### DATA EXCERPTS
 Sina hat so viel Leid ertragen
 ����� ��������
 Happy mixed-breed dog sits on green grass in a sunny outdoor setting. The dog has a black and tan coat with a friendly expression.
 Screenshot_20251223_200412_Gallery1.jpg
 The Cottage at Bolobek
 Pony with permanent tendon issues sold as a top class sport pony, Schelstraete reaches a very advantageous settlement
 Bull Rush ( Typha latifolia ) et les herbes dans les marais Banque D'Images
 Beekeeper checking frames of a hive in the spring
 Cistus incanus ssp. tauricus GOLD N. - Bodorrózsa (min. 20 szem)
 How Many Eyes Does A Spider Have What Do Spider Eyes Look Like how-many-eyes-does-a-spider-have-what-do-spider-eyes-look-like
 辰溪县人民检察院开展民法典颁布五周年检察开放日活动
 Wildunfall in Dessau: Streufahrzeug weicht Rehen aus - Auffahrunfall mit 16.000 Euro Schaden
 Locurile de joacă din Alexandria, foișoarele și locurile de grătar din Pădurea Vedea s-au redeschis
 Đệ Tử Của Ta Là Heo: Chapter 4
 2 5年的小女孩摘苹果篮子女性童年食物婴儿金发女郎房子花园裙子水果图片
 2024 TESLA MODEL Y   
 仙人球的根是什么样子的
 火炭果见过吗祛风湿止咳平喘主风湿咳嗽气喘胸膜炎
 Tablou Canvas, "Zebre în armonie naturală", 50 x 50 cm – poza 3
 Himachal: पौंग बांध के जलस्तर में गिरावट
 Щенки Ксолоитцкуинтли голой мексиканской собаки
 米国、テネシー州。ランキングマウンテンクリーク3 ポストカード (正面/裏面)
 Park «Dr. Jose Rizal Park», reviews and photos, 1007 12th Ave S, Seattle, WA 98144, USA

### REQUIRED ACTION
Only the lines from the one containing "米国、テネシー州。ランキングマウンテンクリーク3 ポストカード (正面/裏面)" through the final line of the material should be printed, each word for word. Both of those lines count.

### WRITTEN ANSWER
 米国、テネシー州。ランキングマウンテンクリーク3 ポストカード (正面/裏面)
 Park «Dr. Jose Rizal Park», reviews and photos, 1007 12th Ave S, Seattle, WA 98144, USA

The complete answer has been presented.